Most well-run Australian dental practices target recall effectiveness of 70 percent or above, meaning at least seven in ten active patients return within the recommended timeframe. Below 60 percent usually points to gaps in the recall system, patient communication, or appointment availability. Improving recall effectiveness by even ten to fifteen percentage points on an established patient base typically changes the revenue picture more materially than equivalent new-patient marketing investment would.
How do I calculate revenue per chair hour in my dental clinic?
Divide total clinical revenue for a period by the number of hours that chair was in clinical use over the same period. Compare the result across chairs, practitioners, and appointment types. The metric is more revealing than simple utilisation rate because it captures both how busy a chair is and how productive each clinical hour actually is. The gaps it surfaces between appointment types or practitioners usually direct attention to where the most available improvement sits.
Why does my dental practice feel busy but not as profitable as expected?
In most dental practices, the pattern traces to one of three things: recall effectiveness is low, so new patient volume is compensating for patient attrition rather than adding to it; treatment acceptance is below potential, so appointments generate less revenue per visit than the clinical need supports; or the fee schedule has not moved in step with cost increases over the past year or two. Identifying which pattern is present requires looking at the data rather than the feel of the schedule.
What is treatment acceptance rate and why does it matter for dental practice profit?
Treatment acceptance rate is the percentage of treatment plans that patients proceed with following a diagnosis and recommendation. Practices with strong acceptance rates generate more revenue per patient visit without additional marketing or capacity. The rate responds to how clearly treatment needs are explained, whether financial barriers are addressed, and whether patients have sufficient information to decide. A meaningful improvement in acceptance typically lifts revenue per patient more than equivalent new-patient acquisition would.
How should a dental principal use the end of financial year as a planning tool?

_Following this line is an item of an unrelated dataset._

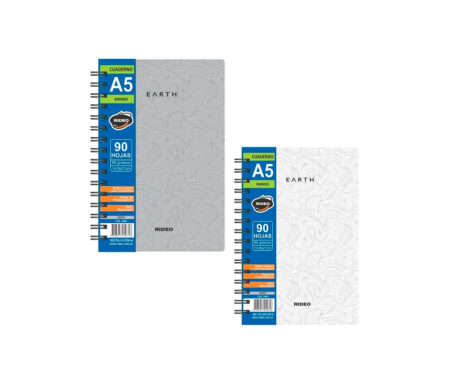 CUADERNO RIDEO 3405 A5 EARTH = 90 H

Beyond the compliance tasks your bookkeeper handles, the end of financial year is the natural moment to review commercial patterns across the past twelve months. How did recall effectiveness move year on year? Are fee schedules still aligned with costs after recent wage and supply increases? Which appointment types produced the strongest margins? A focused review of the year’s financials at this point, looking for where margin leaked and what can be recovered, often surfaces more opportunity than a new-patient marketing campaign would.
Should a dental practice owner work with a fractional CFO?
If the principal is doing clinical work most of the week and managing practice finances in the margins, a fractional CFO arrangement gives the practice the financial oversight it needs to grow and prepare for an eventual sale, without the cost of a full-time hire. The return typically shows up in better fee schedule management, improved cash flow visibility, and a stronger valuation outcome when the time to transition arrives.
What drives the valuation of a dental practice in Australia?
The primary drivers are normalised EBITDA, how much of that profit depends on the principal’s personal clinical hours, recall effectiveness as a measure of patient retention, payor mix and revenue predictability, and the condition of financial records. Practices with diversified payor mix, strong patient retention, and low owner dependence typically attract materially higher multiples than owner-dependent practices. Valuation for Brisbane and Queensland dental practices is an engagement Profit Pulse runs regularly.